I was doing some research about my boss who is a Micromanager, trying to learn how to best deal with him. At the bottom of the web page I was reading there was a note to micromanagers who might be reading. It asked, “What are you afraid of.” Oh boy! This is a can of worms I didn’t want to open but how can you make progress in self-discovery if you don’t examine your fears?

When I began work as editor of a small press magazine, I was doing everything myself, I didn’t have a choice. But as the magazine grew, I needed to get rid of my micromanagement tendencies. I had to learn to delegate and let go of some of the responsibility. I learned to hire people who knew what they were doing and who could meet deadlines then I’d back away and let them do their jobs.

In my personal life I’m still too much of a micromanager. Some people call it controlling. Just to set the record straight, I only want to control MY life, not yours. Unfortunately, we are not always able to control what happens in our lives. Those are the most frustrating times in my life.
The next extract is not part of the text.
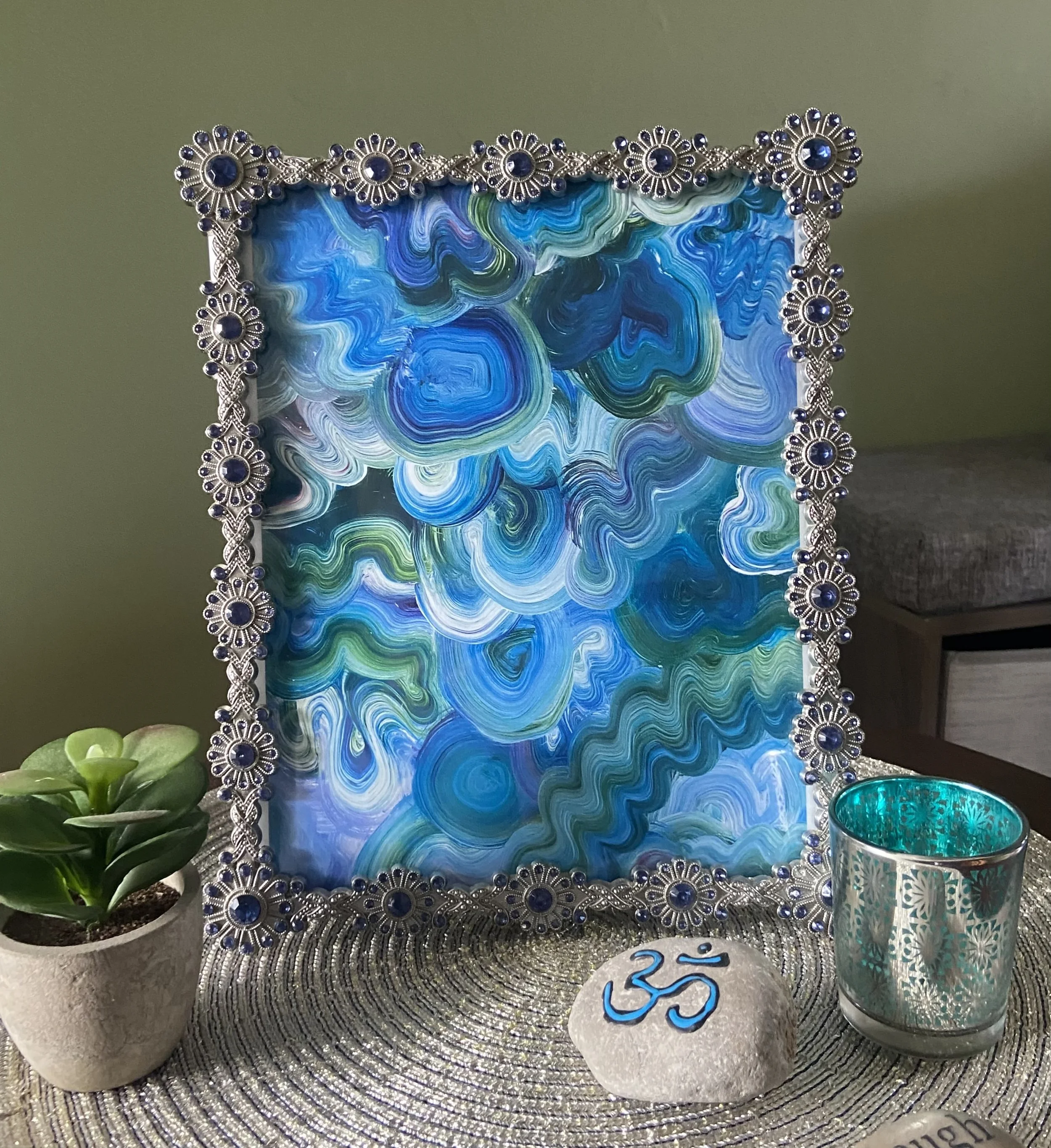 Decorative mirror with a swirling blue and green pattern, surrounded by a silver floral frame with blue gemstones, placed on a textured silver mat. To the left, a green leafy plant in a stone pot, and to the right, a glass containing a turquoise and white patterned candle, with a white stone marker with blue accent markers reading ''LOVE''.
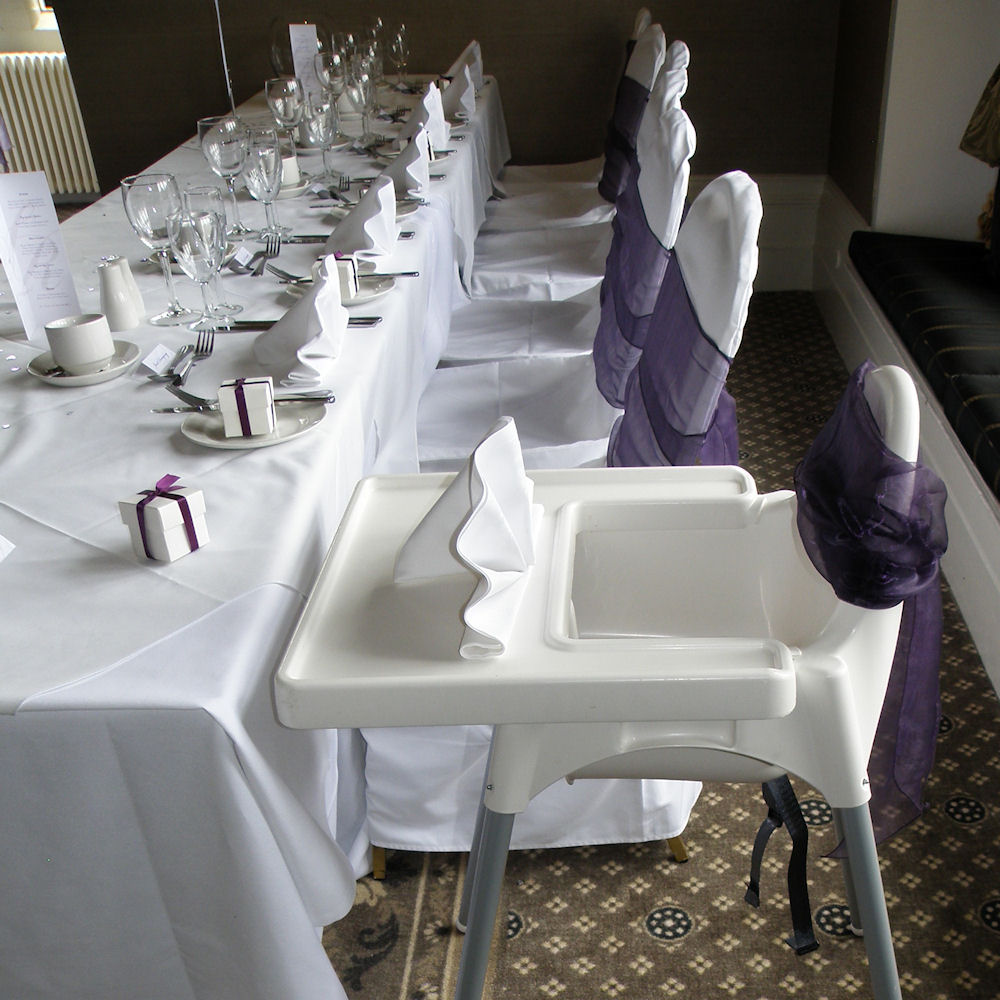 White High Chair with Dark Purple Bow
So I guess what I fear most is having someone strip away the power I have over my own life. I don’t have much and I want to keep what little I have. I feel the most helpless when someone I care about makes a decision that effects me and there is nothing I can do to stop it from happening. (Divorce is one of those situations, death might be another.) I’ve always been a can-do kind of gal. If I wanted something I went after it. I would break through any barriers I ran up against and figure a way around them. But accepting that some things are out of my control in my own life is a constant source of frustration.

I’m always thinking of ways to make other people happy. I love to see them smile. Doesn’t matter who it is; if I have something and it will make them happy, I give it to them. It drives me nuts being around people who don’t want or need anything I have. I need to be filling a need all the time. I fear the day when I can no longer be productive. I fear never hearing, “Oh, let’s call Baring My Soul in Public, she’ll know.”
I fear growing old alone more than anything I think. I’m already 50, I don’t have far to grow. I want someone to help me fill the lonely hours of old age. I want to spend days doing nothing but fishing. I want to go on long drives to nowhere. And I want to still be having sex when I’m 86 like my grandpa who remarried at that age. (His wife told me they were sexually active.) I want to have someone miss me when I’m away. I want to belong somewhere.


As long as parents are alive you can belong at their home. But when they are gone, home is where you and your spouse are. What of people like me? I have a house, but it’s not “home.” Home is knowing who you would run to if something bad happened. Home is knowing what to expect… a blissful routine of a couple who competes to top each other in keeping the routine not so routine.

(I harp on this a lot, but, if Men Are From Mars, Women Are From Venus were required reading for couples wanting to get married, there would be far less divorce.)
Being the can-do kind of gal I am, I will learn to adapt to being alone. I will be okay and I won’t die or anything. But knowing what I want in life and not being able to make it happen will fuel me until the day I die. When there is no longer anything left to aim for, I will simply die.

I am a goal driven person. I have to have a goal. It can be a short goal (remembering to pick up bread on the way home) or it can be more substantial (a new camera), but I need a goal. Every goal needs a reward at the end. I reward myself for coming to work each day with a trip to Starbucks. My reward for raising 4 children was supposed to be enjoying retirement years with my husband who had other plans for those years which didn’t include me. (I’m always the last to know and that drives me crazy too. If you’re getting divorced shouldn’t you get to have a few fights first?) Now I’m scrambling to come up with my own rewards. They just feel kind of hallow.

The last Boogie Man is my fear of rejection. Now I’m a writer/editor so I’ve been on both ends of professional rejection. It gets easier with time. But personal rejection is much harder to get used to. I am 50, I’ve had 4 kids and I used to be fat. Clothes hide a lot.  I fear no one will want to touch me again, kiss me, make love to me…

Okay, my boogie men need more boogers I think. Hehe

* Dying Alone
* Not Being Productive
* Not Experiencing Physical/Emotional Love again

I guess those aren’t too many fears to have to deal with. I’m sure I have more but those are the biggest ones. Everyone has their own crosses to bear.